It’s been all over the news that obesity is a disease, but I guess I’ve got a couple of questions/issues with that:
* This article from Houston’s channel 24 is pretty typical, noting that “Over 64 percent of the population in America is overweight, and nearly half of them are obese — more than 30 pounds over a healthy weight.” Then they show this “stock photo of a fat guy:”
Here’s my problem: what this sort of image does with the claim that 64% of the population is overweight is to equate everyone who is overweight with this guy, who, besides being headless (ever notice no really fat people have heads on TV?), is WAY more fat than “overweight” or even merely “obese.”
My point is there’s fat and then there’s FAT, and it seems to me that there’s a big difference between someone like me– a guy who could lose another 20 pounds or so, but who is otherwise in reasonably good health– versus stock photo fat guy, who could probably lose about 100.
* Besides that, just because someone is overweight or obese doesn’t mean they automatically have the problems we assume are caused by obesity. This is the point of this book by Paul Campos called The Obesity Myth.
* What counts as “obese?” Or, for that matter, “overweight?” I’ve blogged about this before too, but as long as we’re going to use Body Mass Index as the mechanism for deciding this, and as long we’re going to insist a BMI of less than 25 as “normal,” then of course a huge percentage of the population is going to be considered overweight. I’m no physician and I don’t have the answer to the question as to what counts or doesn’t as obese and overweight, but I think it’s gotta be different from this scheme.
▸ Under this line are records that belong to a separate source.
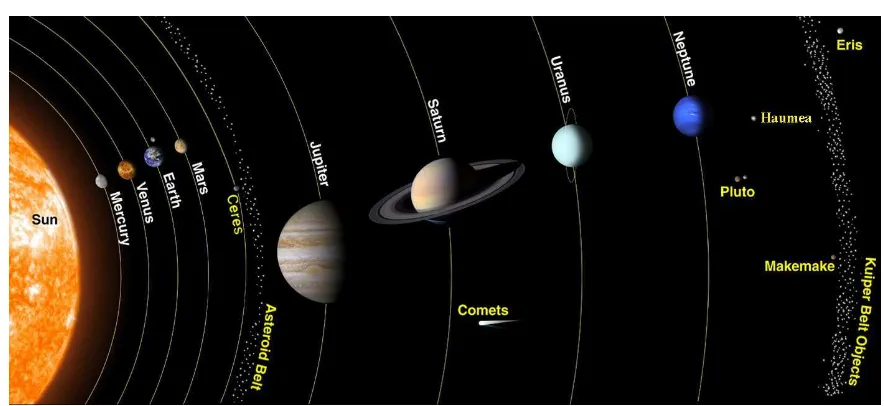Figura 1.1. Nuestro Sistema Solar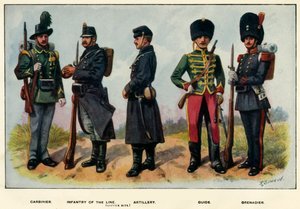 Typer av den belgiska armén, 1919.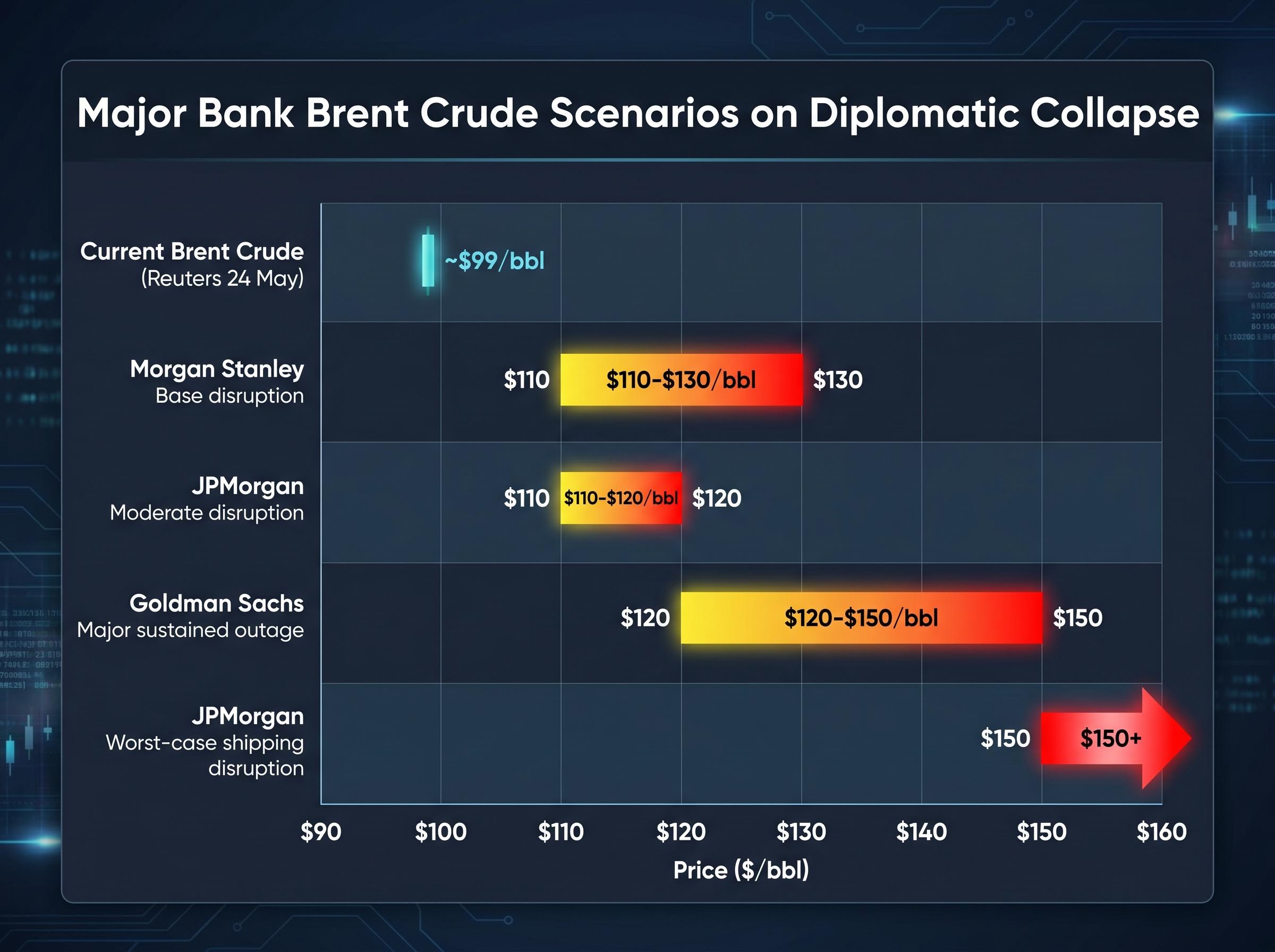 Major Bank Brent Crude Scenario Projections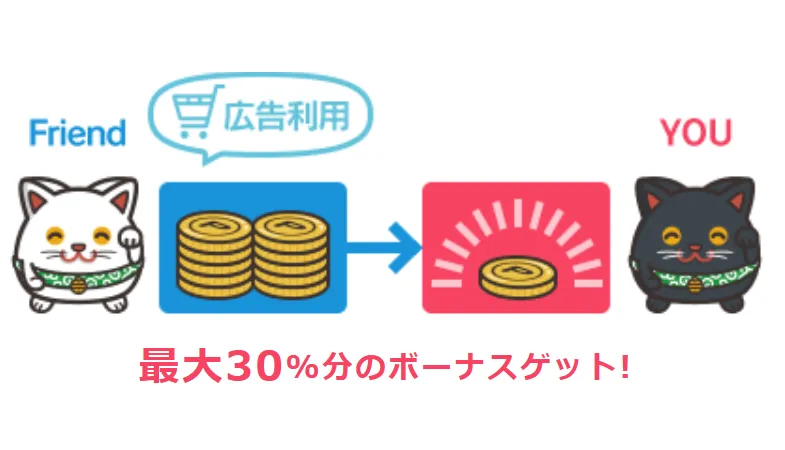 広告利用ボーナスが最大30%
* Why now is “obesity” being called a disease? Well, I don’t really know the answer, but I came across this interesting article. Now, granted, it comes from a group that I think lobbies for fast food companies and groups like that; but they suggest that one of the reasons why obesity is being named a disease for the purposes of Medicare is so that drug companies and doctors. that offer stomach surgeries can cash in.
* And I guess the big question I have is this: now that I am technically obese, can I cash in? I pay around $40 a month for the gym– can I have my medical insurance cover that? Low-carb food choices tend to cost more money than “regular” food choices, so I’m wondering if I can get some sort of reimbursement for the difference in costs there. And really, if being obese really were to get me access to certain government bennies, isn’t there some motivation for me to get even fatter? Remember that episode of The Simpsons where Homer gets super-fat so he can claim disability and then do his job as a nuclear plant safety office from home?
Hmmm…. that’s just crazy enough to work!